→ Web page caption snippets:
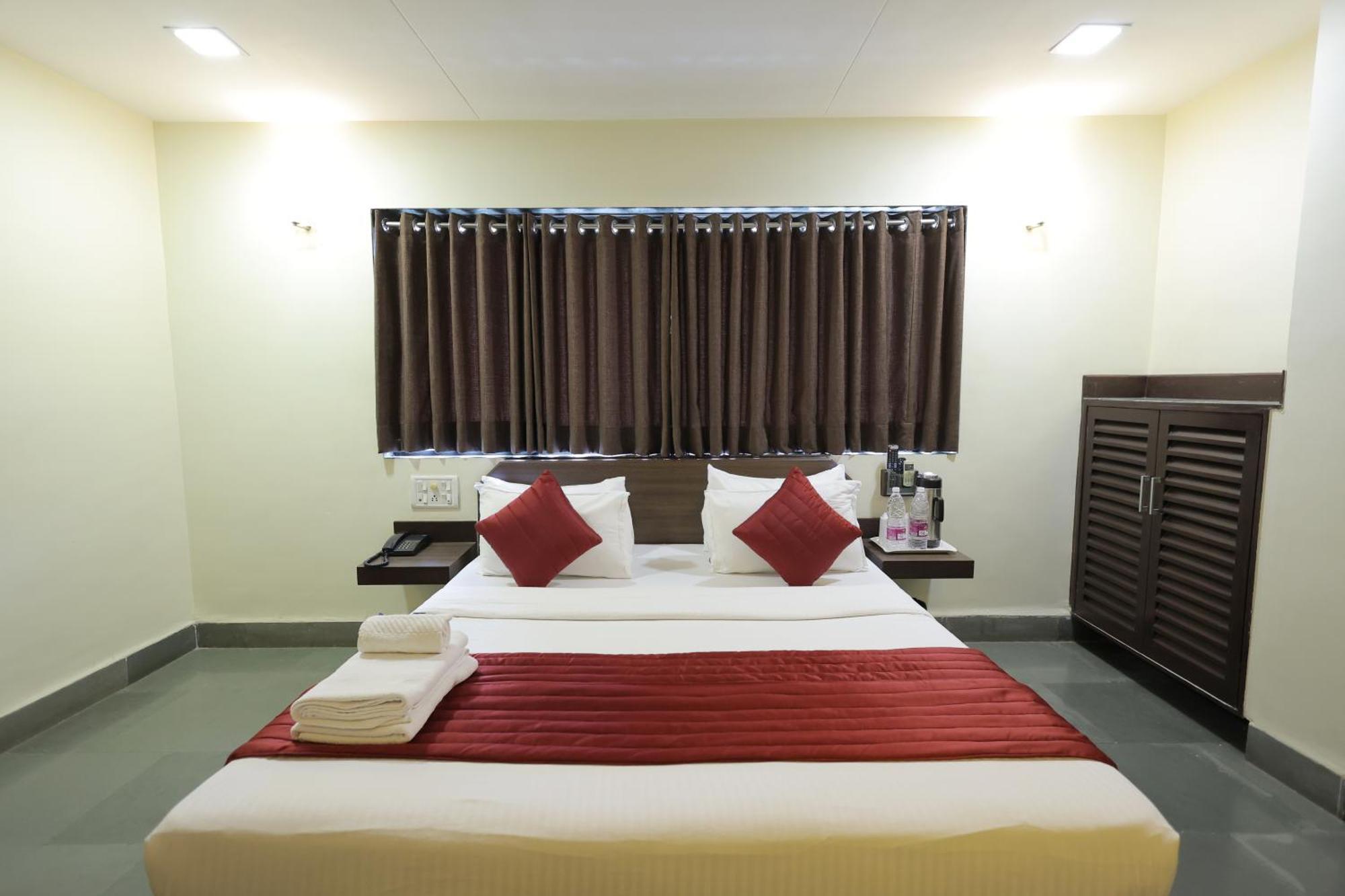 Hotel Hospice Surat Luaran gambar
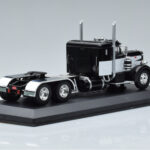 Peterbilt 350 Noir IXO 1:43 TR114 - image 2 of 6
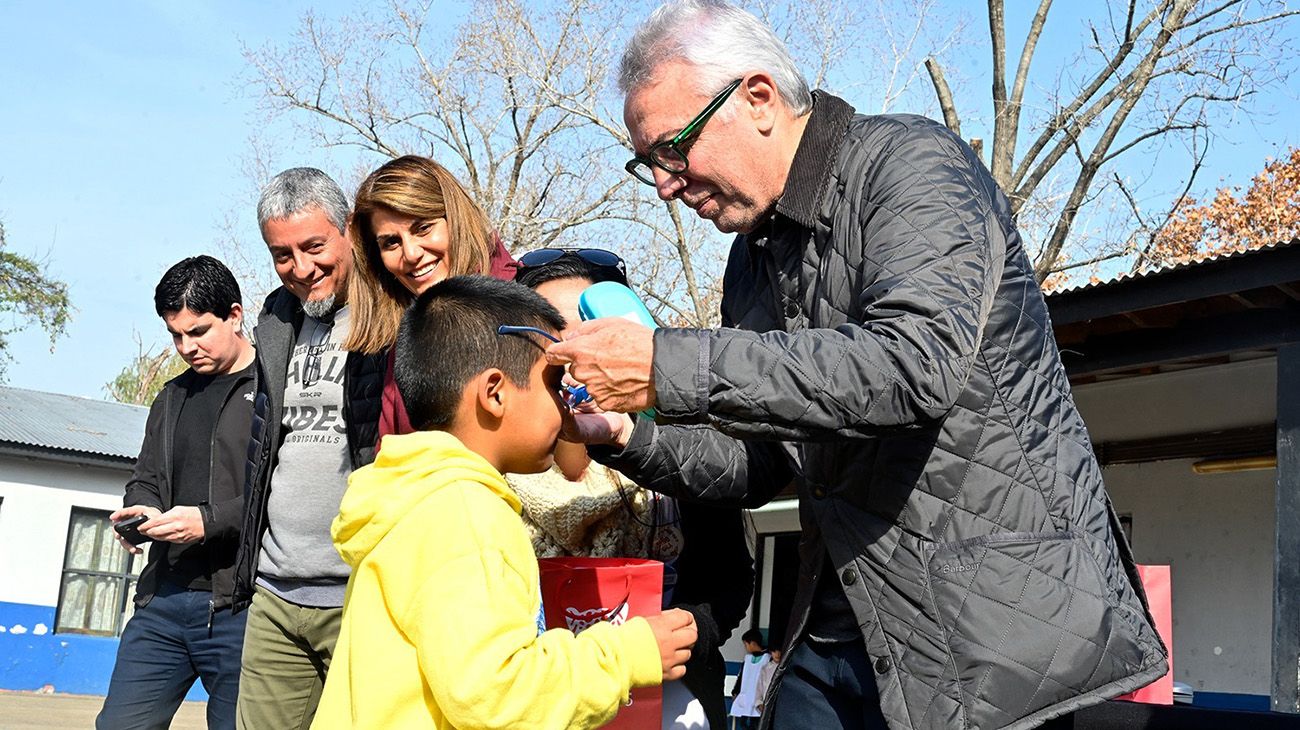 Julio Zamora realizó una nueva entrega de anteojos del programa "Para Verte Mejor"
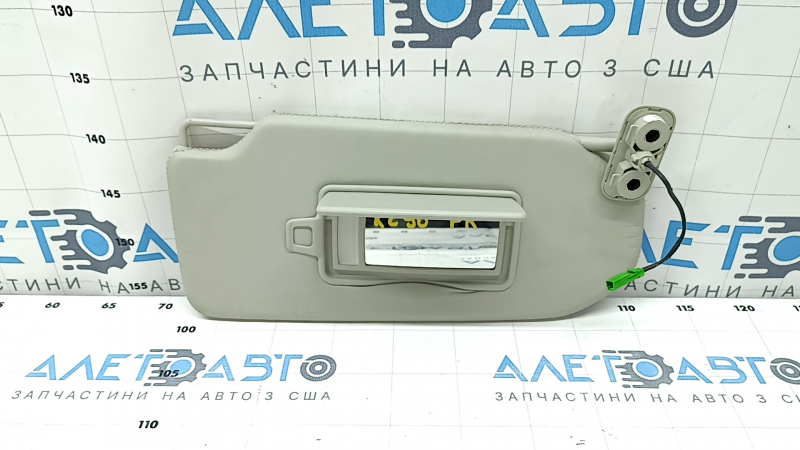 Козырек правый для Volvo XC90 2016-2026, серая кожа, вид с близкого расстояния.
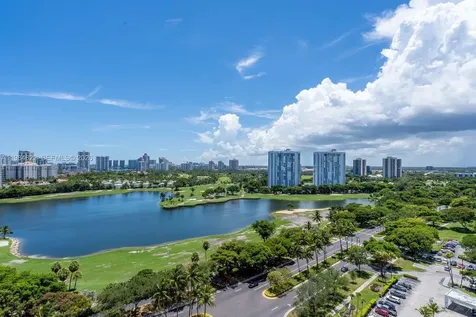 3675 N Country Club Drive Aventura FL 33180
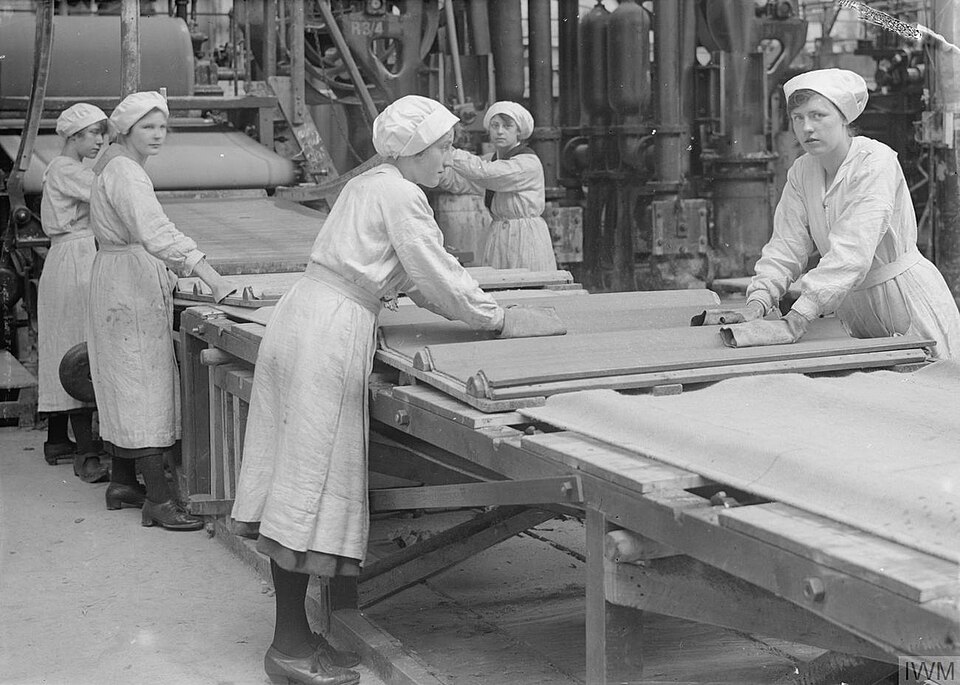 Historical photo of women working with raw asbestos fibers at Turner Bros in 1918.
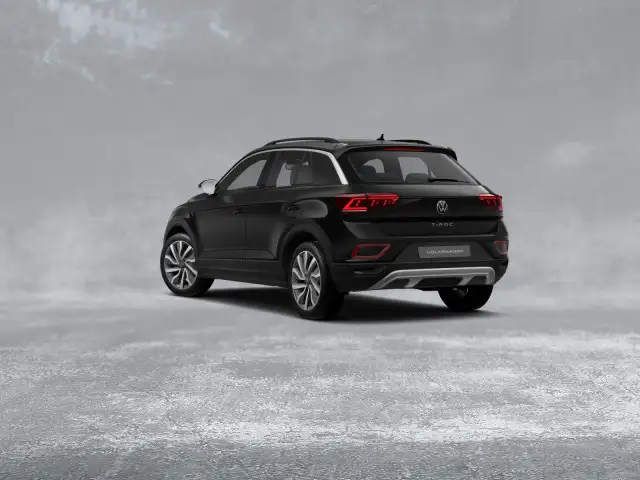 Volkswagen T-Roc view 5
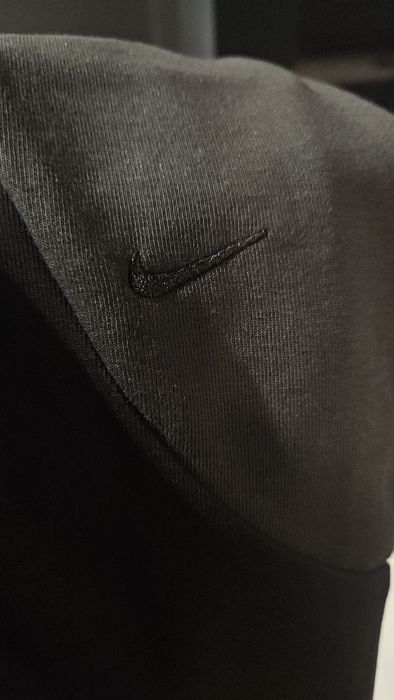 Черно долнище Nike tech fleece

→ What you are asked to do:
Write out exactly the lines from the line holding "Historical photo of" through the last line of the records above, inclusive, and nothing more. Leave out the pictures.

→ Response to this exercise:
 Historical photo of women working with raw asbestos fibers at Turner Bros in 1918.
 Volkswagen T-Roc view 5
 Черно долнище Nike tech fleece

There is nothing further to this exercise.